Quando ha iniziato era molto colpito dalle storie degli altri, si sentiva coinvolto, “ma nel corso del tempo ti accorgi che per aiutarli non devi farti toccare dalle emozioni ma concentrarti sul loro problema e cercare una soluzione”. Fuad mi fa conoscere Badshah, viene dal Bangladesh e lavora come aiuto cuoco, vuole portare qui sua moglie e ha un posto letto in una casa comune, sta cercando un appartamento, ma nessuno vuole fargli un contratto regolare, “difficile, difficilissimo”, dice.
Hafid invece viene dal Sudan, spiega la mediatrice marocchina che parla con tutti gli arabofoni. È un ragazzone alto, sorridente e dai modi dolci che fa il muratore. Oggi è molto contento, ha avuto il nulla osta per il ricongiungimento famigliare con moglie e tre figli piccoli. “Sono due anni che vivo qui e sto diventando matto, non capisco niente”, dice. Prima è stato in Libia, poi in Francia, “fortuna che al lavoro, nei cantieri, riesco almeno a comprendere quello che devo fare”.
Per il resto vive nel suo isolamento linguistico, in una specie di mondo a parte. Come il ragazzo nigeriano ventenne di cui parla Laura Bisegni, la responsabile della Casa dei diritti sociali. Uscito dal carcere dopo una condanna per spaccio si è ritrovato per strada. Aveva il documento scaduto da due anni e non riusciva a chiedere il rinnovo, al commissariato non gli avevano voluto fare la denuncia di smarrimento.

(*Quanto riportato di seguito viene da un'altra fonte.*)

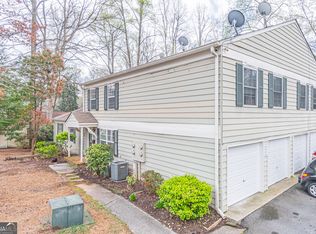 1326 Surrey Ln SW, Marietta, GA 30008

“Sono carne da macello, la disperazione di non avere niente da perdere li porta a fare tutto pur di sopravvivere, mandare i soldi a casa a quelli che hanno finanziato il viaggio - dice Laura - lo abbiamo ascoltato, ci ha raccontato la sua storia, e mentre parlava concitato è scoppiato in lacrime, lo respingevano tutti da giorni, nessuno parla con me diceva, aiutatemi a tornare a casa”.